Small Mass. fire station named one of the busiest in the U.S.
Brockton’s Squad A Rescue Unit went out 5,178 times over the course of the year, more than New York City, Chicago and Los Angeles
By Anna Burgess
BROCKTON, Mass. — Despite serving a city with fewer than 100,000 people, the Brockton Fire Department is one of the busiest in the country.
Brockton's Squad A Rescue Unit responded to more calls in 2016 than any other heavy rescue unit in the country, according to Firehouse Magazine's 2016 national run survey of 248 departments.
The Brockton unit went out 5,178 times over the course of the year, more than the busiest heavy rescue units in New York City, Chicago, and Los Angeles.

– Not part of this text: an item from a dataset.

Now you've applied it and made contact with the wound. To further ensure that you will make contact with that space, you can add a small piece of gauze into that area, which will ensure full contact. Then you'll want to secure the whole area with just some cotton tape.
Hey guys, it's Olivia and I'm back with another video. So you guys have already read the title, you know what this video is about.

Brockton's Ladder Company #1 was also near the top for number of runs made by ladder companies, and Brockton's Station 1 ranked as the 33rd-busiest fire station in the country.

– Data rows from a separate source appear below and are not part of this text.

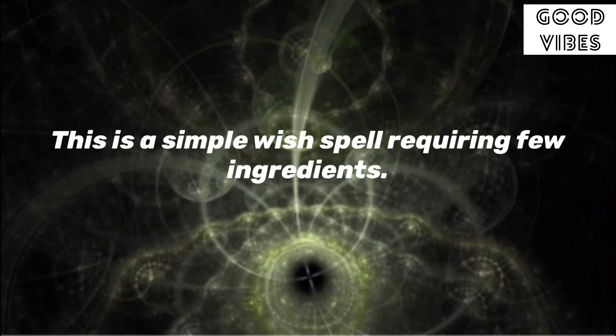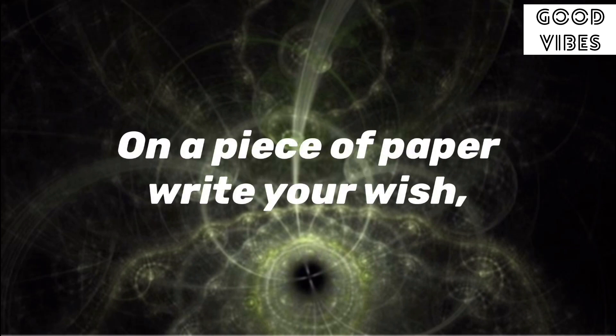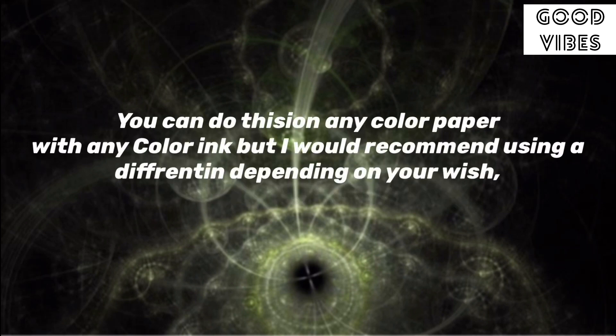This is a simple wish spell requiring few ingredients. On a piece of paper, write your wish. You can do this on any color paper with any coloring, but I would recommend using a different color depending on your wish.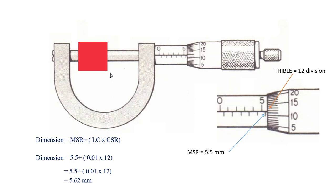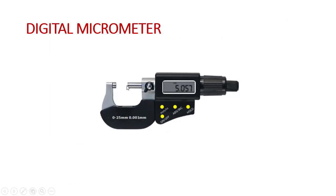If there is a positive error, we should subtract that value from the final reading. If there is a negative error, we should add the negative value to the final reading to get the exact dimensions. This digital micrometer allows us to set the zero point anywhere and provides additional accuracy of three digits, which is the advantage of the digital micrometer.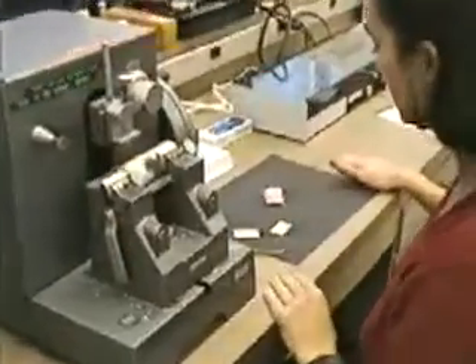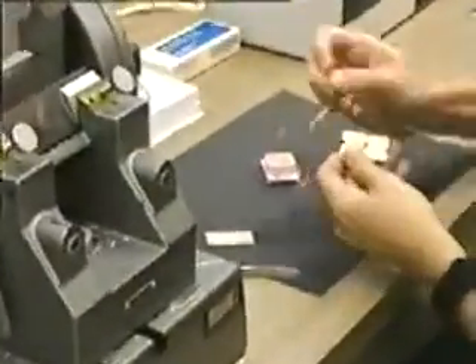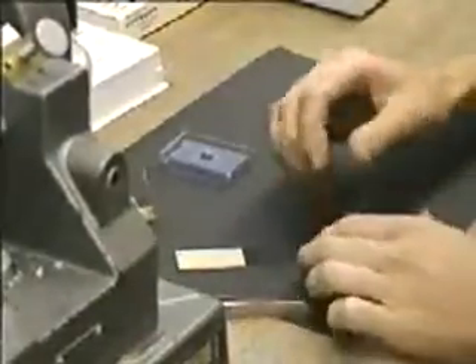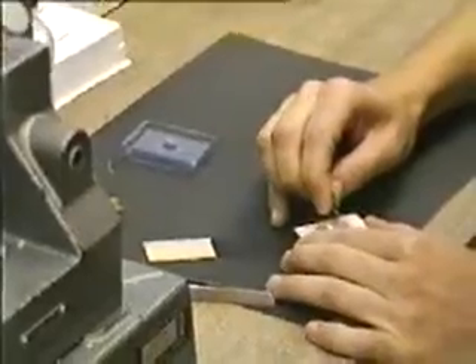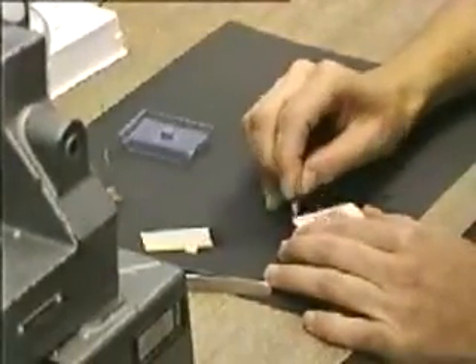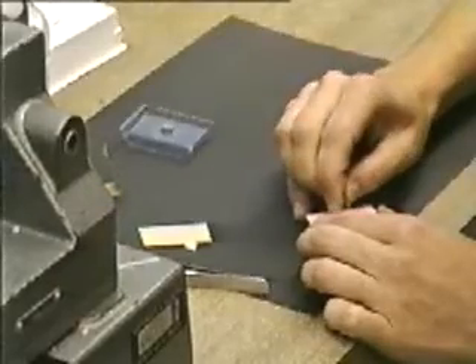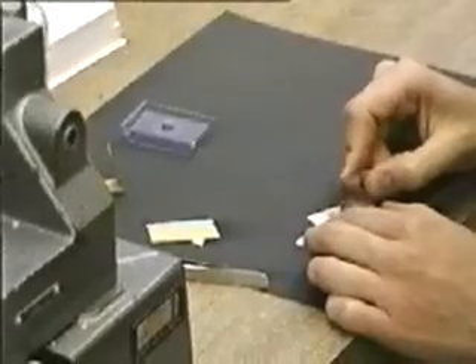The hardened paraffin embedments are trimmed with a fresh razor blade so that excess paraffin is removed and the block is shaped somewhat like a truncated pyramid. Careful trimming is necessary for further orientation of the specimen and for good quality sectioning to take place later using the microtome.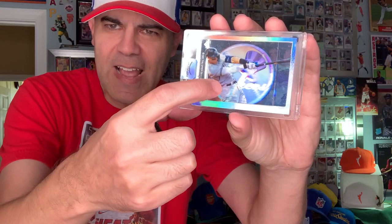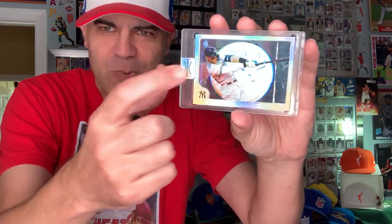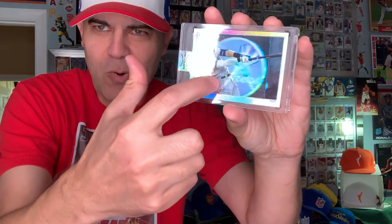They also sent me some magnets of the Julio, and here's one of the Aaron Judge. This one is super cool — they superimpose Aaron Judge over one of the old Upper Deck stickers that you see quite a few of in the card art. This one's even cooler because it's like superimposed on there.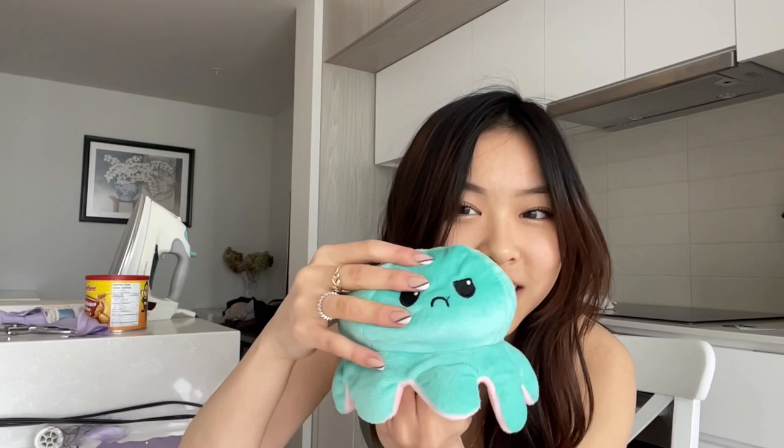Look at the octopus — it's actually one of those reversible ones. It's so cute! I don't have a name yet for him because I just got him this morning, but leave some name suggestions in the comments. Should he have two different names — one when he's sad and one when he's happy? Okay, enough distractions.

"There are departments throughout the country and the state that don't do the numbers we do," Williams said. "In a way, it means a sense of pride for a lot of the guys."
At the same time, Williams said, "on certain days, it really does take a toll on them."
Brockton's Ladder 1 responded to 4,880 calls in 2016.
This was the seventh-highest number in the country, according to Firehouse Magazine, and beat out ladder companies in much larger cities, like Boston and Chicago.
Williams said the number of calls for Ladder Company #1 and Squad A has been "slowly rising, year by year, over the past 10 years."
"I'm not really surprised," he said. "It's just the area of town that they're in, with the homeless populations, the drug epidemic, and the neighborhood health center, they get a lot of calls."
In 2016, the department responded to a total of 25,310 incidents. Squad A responded to more than 20 percent of these incidents, and Ladder 1 responded to nearly 20 percent of them.
July and August were the busiest months of 2016 for Squad A, Ladder 1, and the department overall.
In July, Brockton firefighters responded to 2,316 incidents, and in August, to 2,280 incidents.
The department responded to the fewest incidents of the year in February, when firefighters only went out to 1,801 calls.
The fire department is consistently one of the biggest sections of the city budget, but it doesn't always get funded as requested.
Going into fiscal 2016, for instance, the fire department submitted a budget request of $27 million, but was ultimately given a budget of $23 million.
Williams said he would "love to have more men, like any fire chief, anywhere," but he understands the financial constraints of the city.
"It isn't about needing to hire more firefighters," he said. "We work with what we have."
Brockton Mayor Bill Carpenter was not available for comment on Monday.
Some days--and some months--are harder than others, Williams said, "but the guys are really used to it."
He said many Brockton firefighters, especially the younger ones and those newer to the department, want to be busy, and like being downtown with plenty to respond to.
At the same time, Williams said he'd like to see the number of calls level off or decline in the next few years.
"If it continued to grow and grow," he said, "it would probably overwhelm those two companies."